[Prompt]
Everything from the line with "Enjoyable evening with" through the last line of the data below should be copied exactly, apart from the pictures.

[Information shown]
——————————
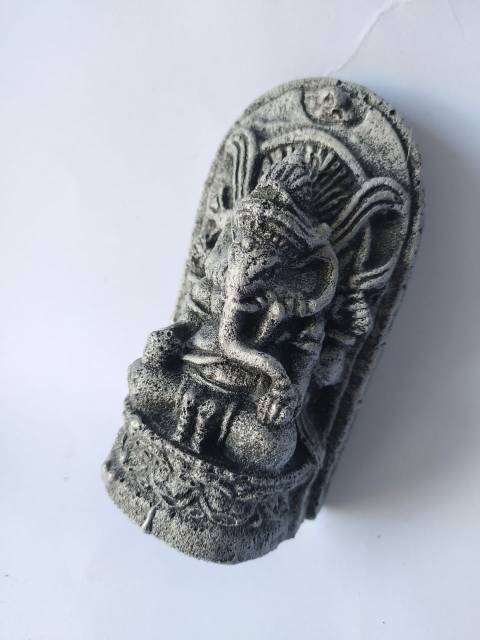 PAJANGAN MINIATUR PATUNG GANESHA DENGAN TEDENG KECIL BAHAN FIBERGLASS 13x6x4 cm - DEKORASI RUMAH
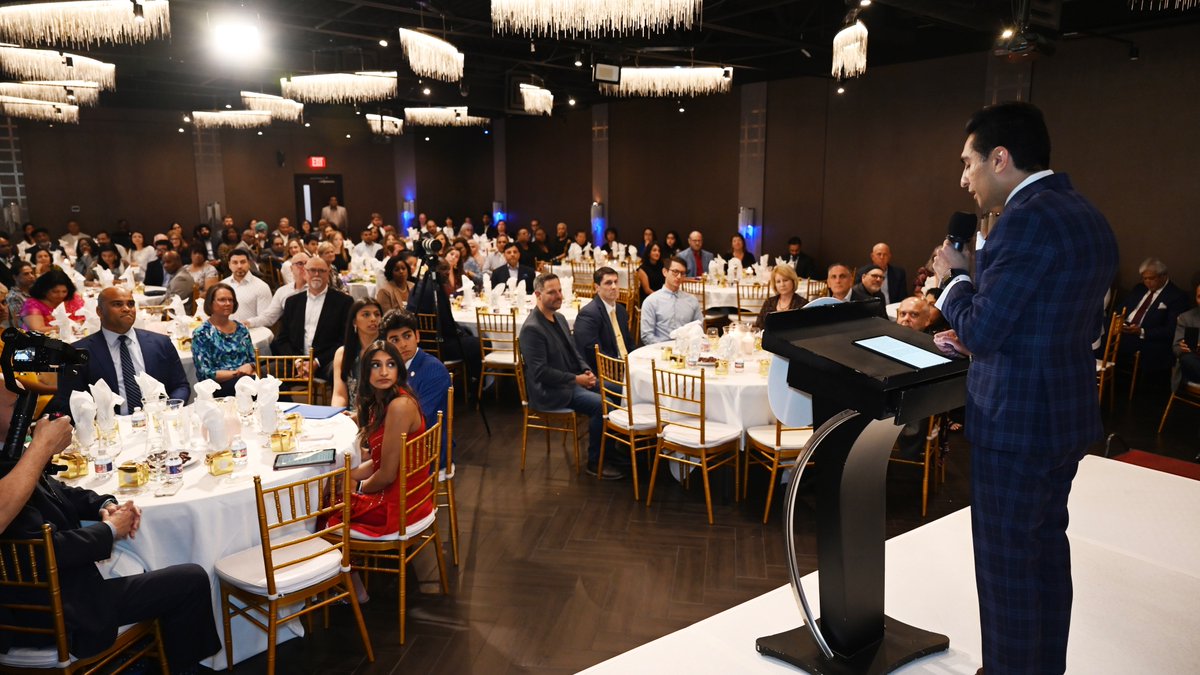 Enjoyable evening with community leaders from across North Texas at the inaugural Interfaith Iftar Dinner, graciously organized and hosted by Rep. @SalmanBhojaniTX and his family.

(📸Credit: Office of Rep. Bhojani) #TXLege #SD16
——————————
[Expected output]
 Enjoyable evening with community leaders from across North Texas at the inaugural Interfaith Iftar Dinner, graciously organized and hosted by Rep. @SalmanBhojaniTX and his family.

(📸Credit: Office of Rep. Bhojani) #TXLege #SD16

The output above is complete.